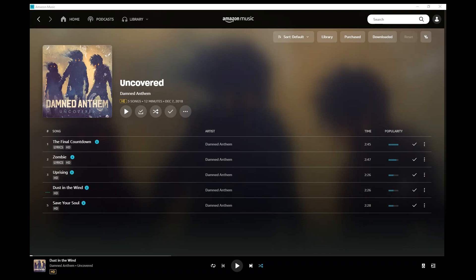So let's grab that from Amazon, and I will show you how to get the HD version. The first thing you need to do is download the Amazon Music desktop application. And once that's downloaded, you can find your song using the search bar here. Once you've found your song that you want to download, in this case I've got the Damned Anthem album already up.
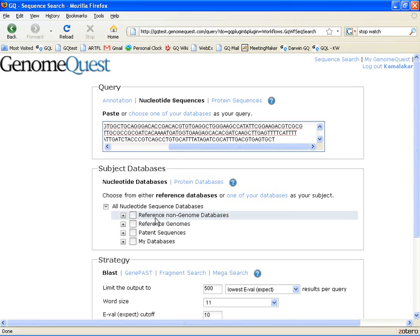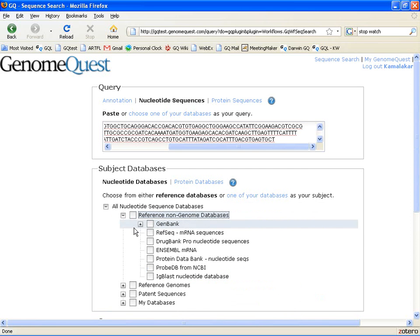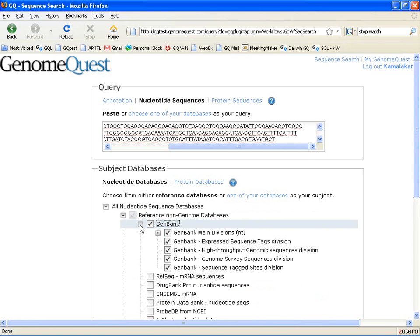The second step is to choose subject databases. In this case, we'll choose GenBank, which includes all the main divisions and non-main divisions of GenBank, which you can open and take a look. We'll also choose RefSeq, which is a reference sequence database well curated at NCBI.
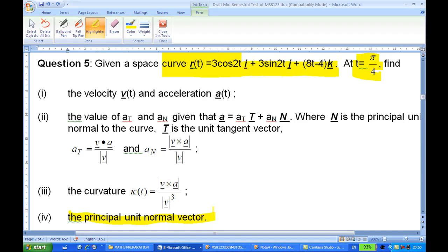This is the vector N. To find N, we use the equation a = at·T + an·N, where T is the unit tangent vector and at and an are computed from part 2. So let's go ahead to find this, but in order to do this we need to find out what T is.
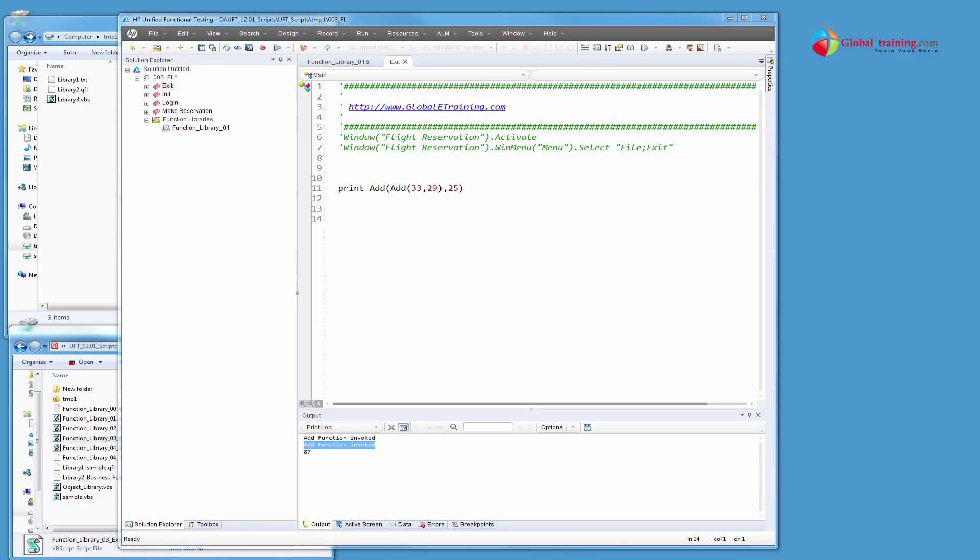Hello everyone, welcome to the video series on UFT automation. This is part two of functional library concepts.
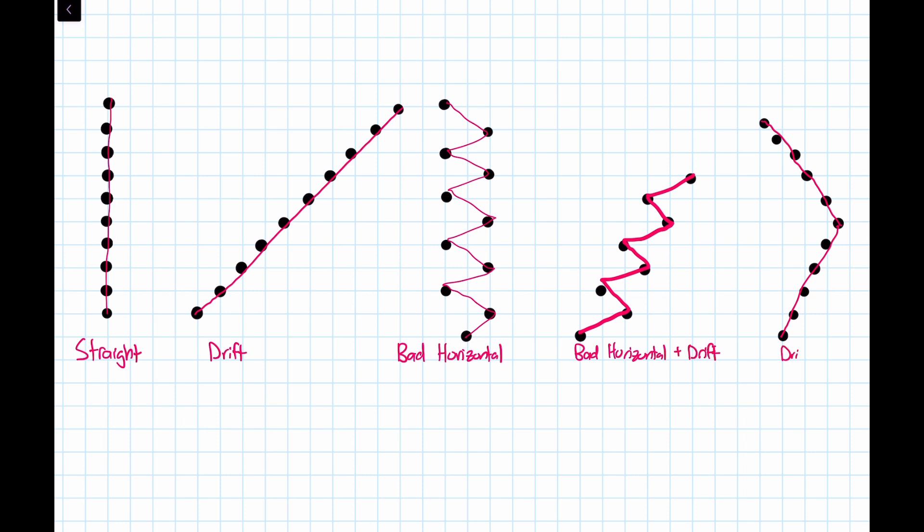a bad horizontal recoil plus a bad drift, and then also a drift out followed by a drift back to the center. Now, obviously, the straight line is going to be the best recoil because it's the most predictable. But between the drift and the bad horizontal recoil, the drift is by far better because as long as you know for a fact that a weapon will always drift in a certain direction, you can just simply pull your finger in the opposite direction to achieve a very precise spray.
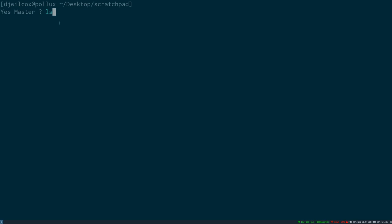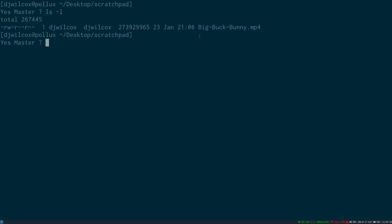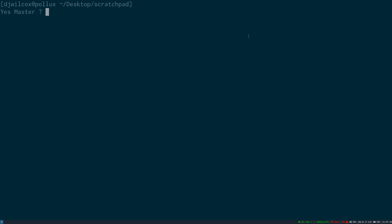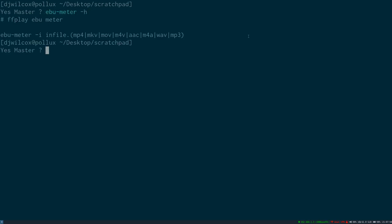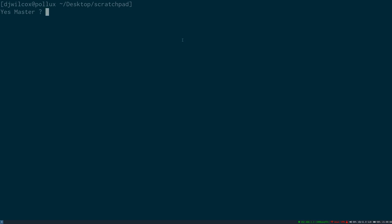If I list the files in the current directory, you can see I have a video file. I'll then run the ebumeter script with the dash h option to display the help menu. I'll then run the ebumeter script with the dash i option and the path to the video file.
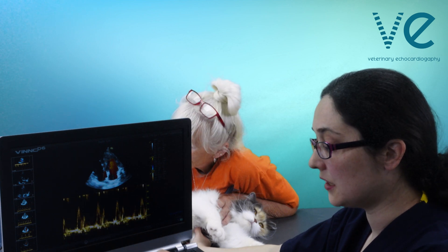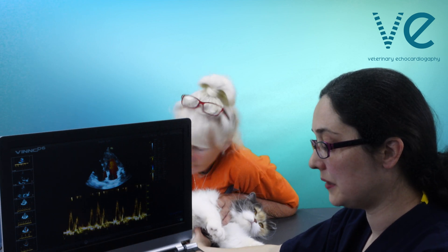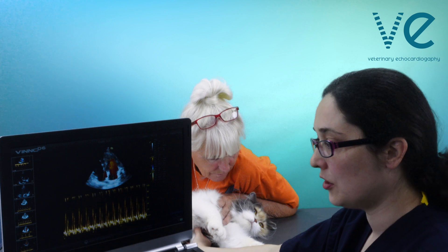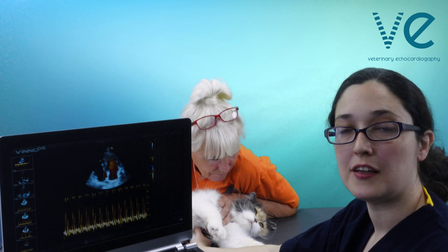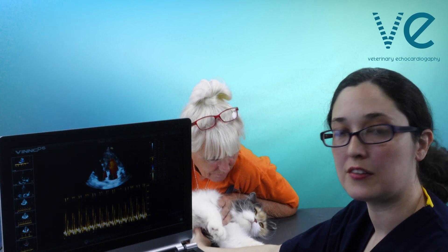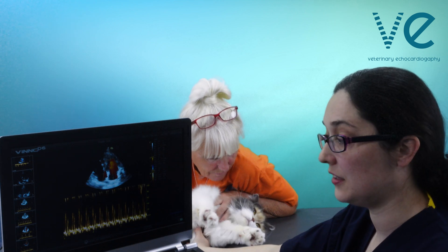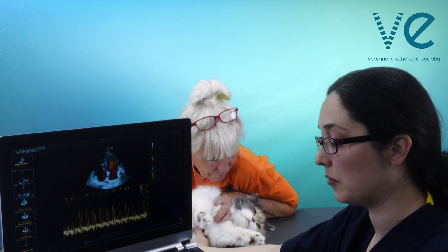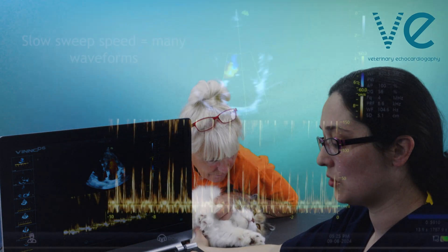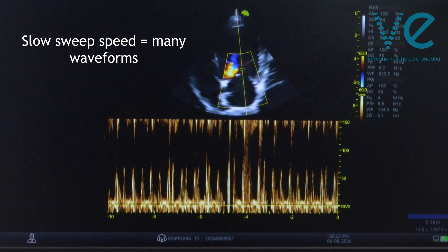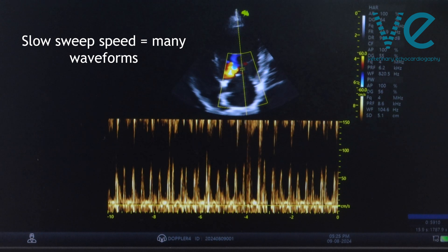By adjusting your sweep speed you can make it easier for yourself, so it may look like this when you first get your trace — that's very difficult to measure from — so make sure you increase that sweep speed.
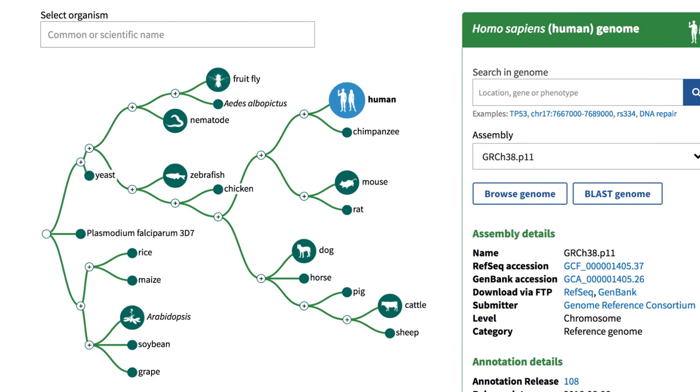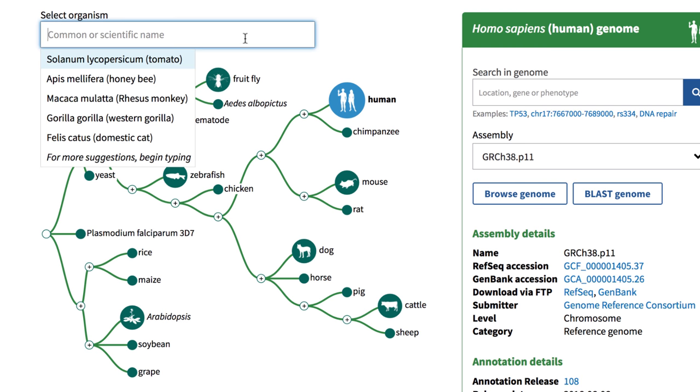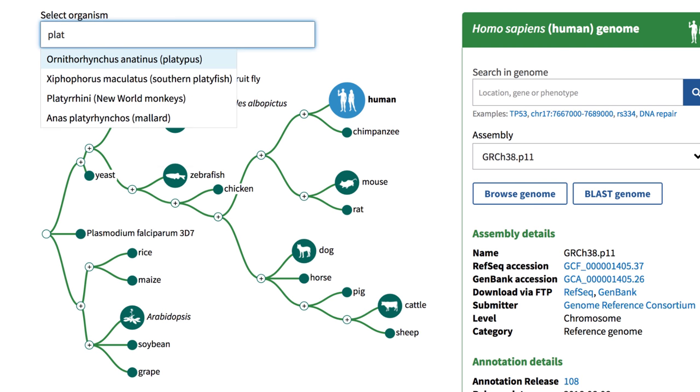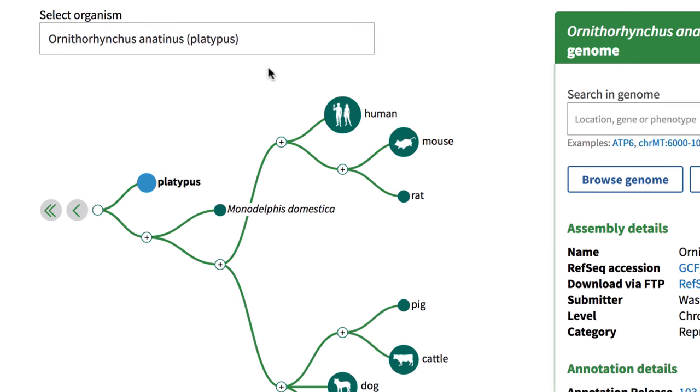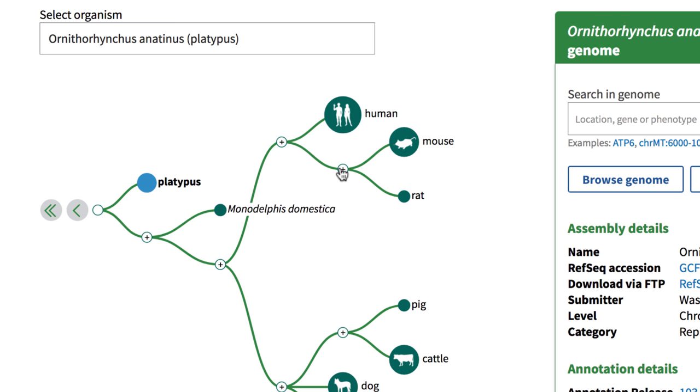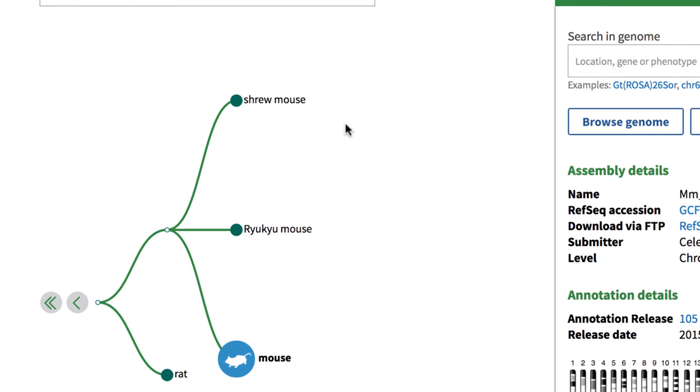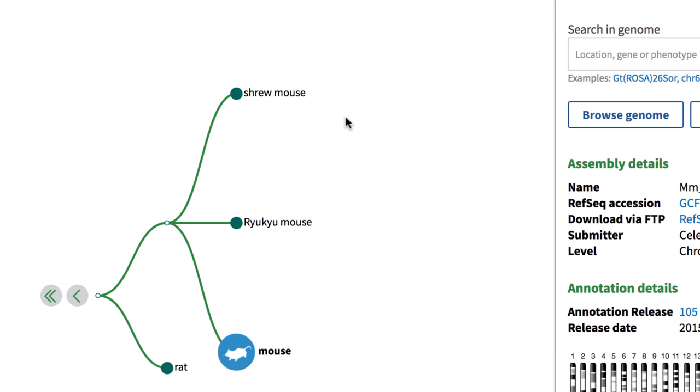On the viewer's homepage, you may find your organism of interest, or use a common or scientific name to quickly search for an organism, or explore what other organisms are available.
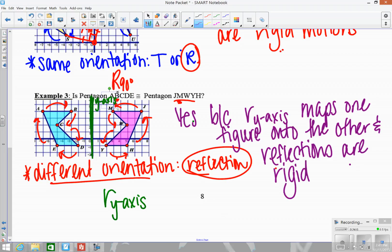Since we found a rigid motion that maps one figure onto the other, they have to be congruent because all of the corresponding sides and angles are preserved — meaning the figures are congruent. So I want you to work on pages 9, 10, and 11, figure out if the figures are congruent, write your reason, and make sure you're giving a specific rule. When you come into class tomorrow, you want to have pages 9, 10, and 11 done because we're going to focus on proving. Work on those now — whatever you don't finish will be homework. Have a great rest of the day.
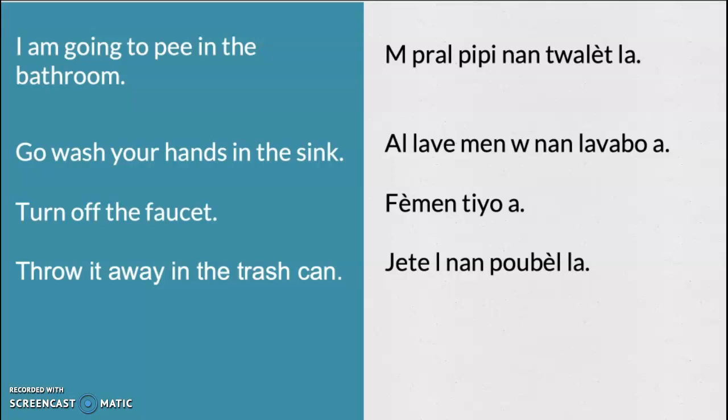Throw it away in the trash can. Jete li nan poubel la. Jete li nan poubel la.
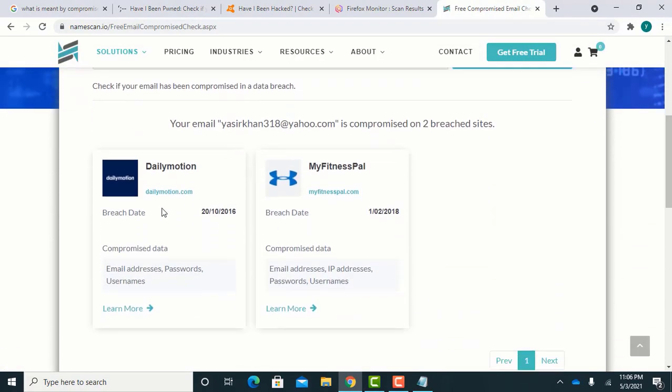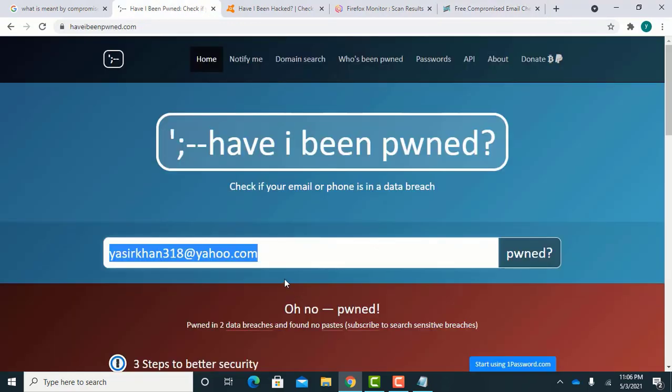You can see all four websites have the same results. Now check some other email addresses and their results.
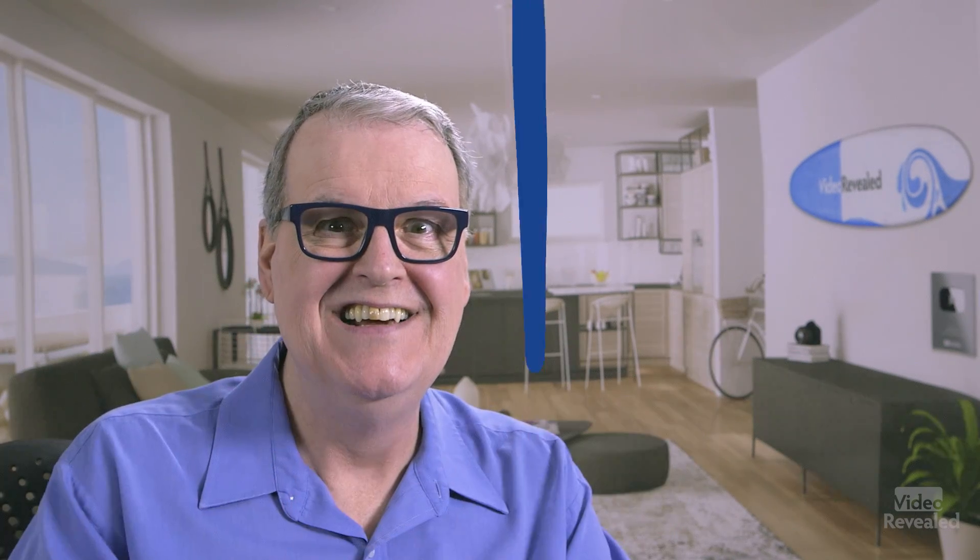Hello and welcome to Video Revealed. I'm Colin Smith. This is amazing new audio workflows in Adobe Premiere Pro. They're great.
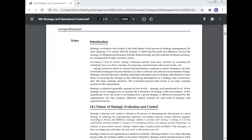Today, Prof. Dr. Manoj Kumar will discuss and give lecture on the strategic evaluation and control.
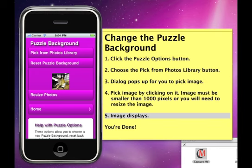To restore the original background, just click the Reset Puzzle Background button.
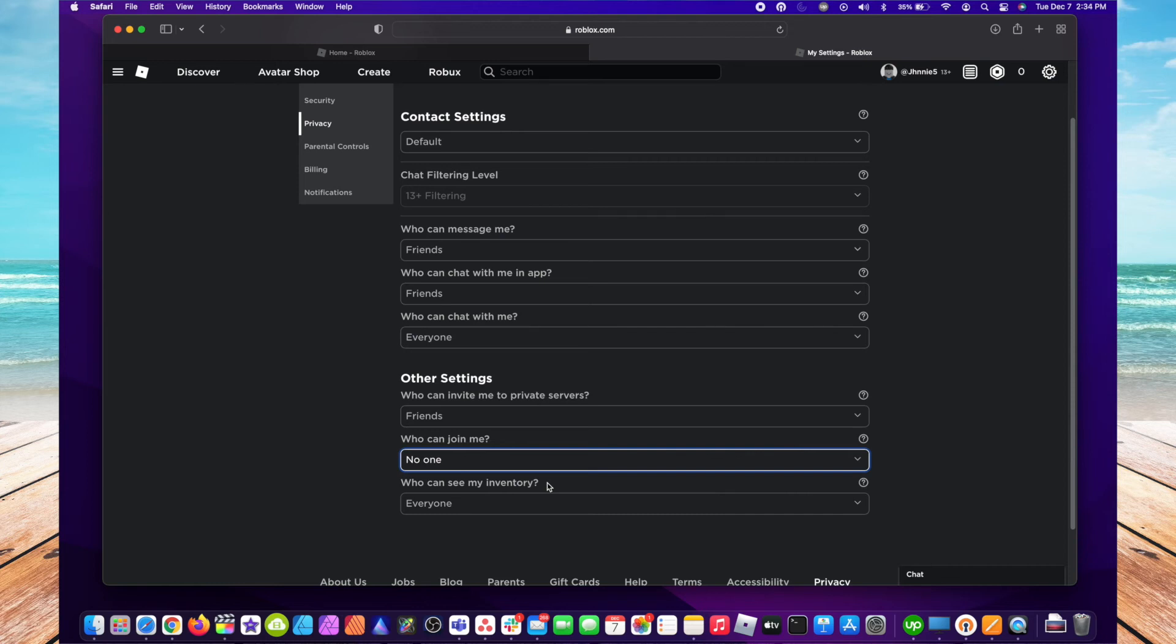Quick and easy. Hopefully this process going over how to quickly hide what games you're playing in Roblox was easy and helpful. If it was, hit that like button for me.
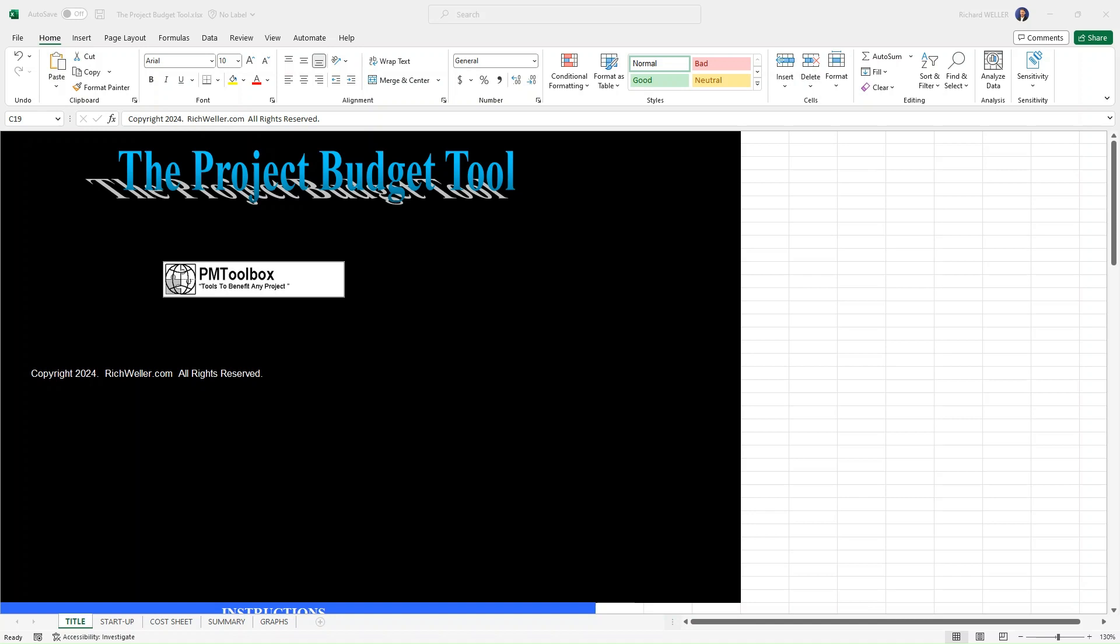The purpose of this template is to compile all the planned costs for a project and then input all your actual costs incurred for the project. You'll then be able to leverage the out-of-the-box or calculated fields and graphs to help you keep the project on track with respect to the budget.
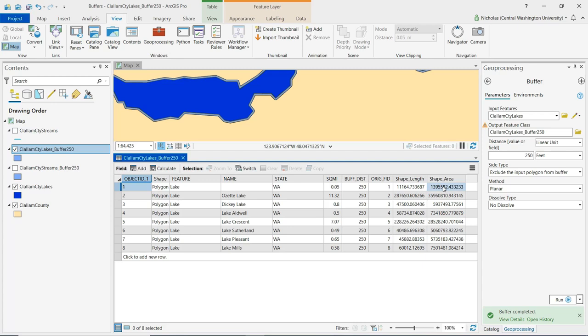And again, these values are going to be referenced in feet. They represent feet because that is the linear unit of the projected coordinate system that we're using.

TASK OBJECTIVE
Pictures are not part of the copy. Return every record exactly.

EXERCISE RESPONSE
So let's grab that from Amazon, and I will show you how to get the HD version. The first thing you need to do is download the Amazon Music desktop application. And once that's downloaded, you can find your song using the search bar here. Once you've found your song that you want to download, in this case I've got the Damned Anthem album already up.
The second step is to choose subject databases. In this case, we'll choose GenBank, which includes all the main divisions and non-main divisions of GenBank, which you can open and take a look. We'll also choose RefSeq, which is a reference sequence database well curated at NCBI.
This is the vector N. To find N, we use the equation a = at·T + an·N, where T is the unit tangent vector and at and an are computed from part 2. So let's go ahead to find this, but in order to do this we need to find out what T is.
Hello everyone, welcome to the video series on UFT automation. This is part two of functional library concepts.
a bad horizontal recoil plus a bad drift, and then also a drift out followed by a drift back to the center. Now, obviously, the straight line is going to be the best recoil because it's the most predictable. But between the drift and the bad horizontal recoil, the drift is by far better because as long as you know for a fact that a weapon will always drift in a certain direction, you can just simply pull your finger in the opposite direction to achieve a very precise spray.
If I list the files in the current directory, you can see I have a video file. I'll then run the ebumeter script with the dash h option to display the help menu. I'll then run the ebumeter script with the dash i option and the path to the video file.
By adjusting your sweep speed you can make it easier for yourself, so it may look like this when you first get your trace — that's very difficult to measure from — so make sure you increase that sweep speed.
On the viewer's homepage, you may find your organism of interest, or use a common or scientific name to quickly search for an organism, or explore what other organisms are available.
Since we found a rigid motion that maps one figure onto the other, they have to be congruent because all of the corresponding sides and angles are preserved — meaning the figures are congruent. So I want you to work on pages 9, 10, and 11, figure out if the figures are congruent, write your reason, and make sure you're giving a specific rule. When you come into class tomorrow, you want to have pages 9, 10, and 11 done because we're going to focus on proving. Work on those now — whatever you don't finish will be homework. Have a great rest of the day.
Throw it away in the trash can. Jete li nan poubel la. Jete li nan poubel la.
You can see all four websites have the same results. Now check some other email addresses and their results.
Hello and welcome to Video Revealed. I'm Colin Smith. This is amazing new audio workflows in Adobe Premiere Pro. They're great.
Today, Prof. Dr. Manoj Kumar will discuss and give lecture on the strategic evaluation and control.
To restore the original background, just click the Reset Puzzle Background button.
Quick and easy. Hopefully this process going over how to quickly hide what games you're playing in Roblox was easy and helpful. If it was, hit that like button for me.
The purpose of this template is to compile all the planned costs for a project and then input all your actual costs incurred for the project. You'll then be able to leverage the out-of-the-box or calculated fields and graphs to help you keep the project on track with respect to the budget.
And again, these values are going to be referenced in feet. They represent feet because that is the linear unit of the projected coordinate system that we're using.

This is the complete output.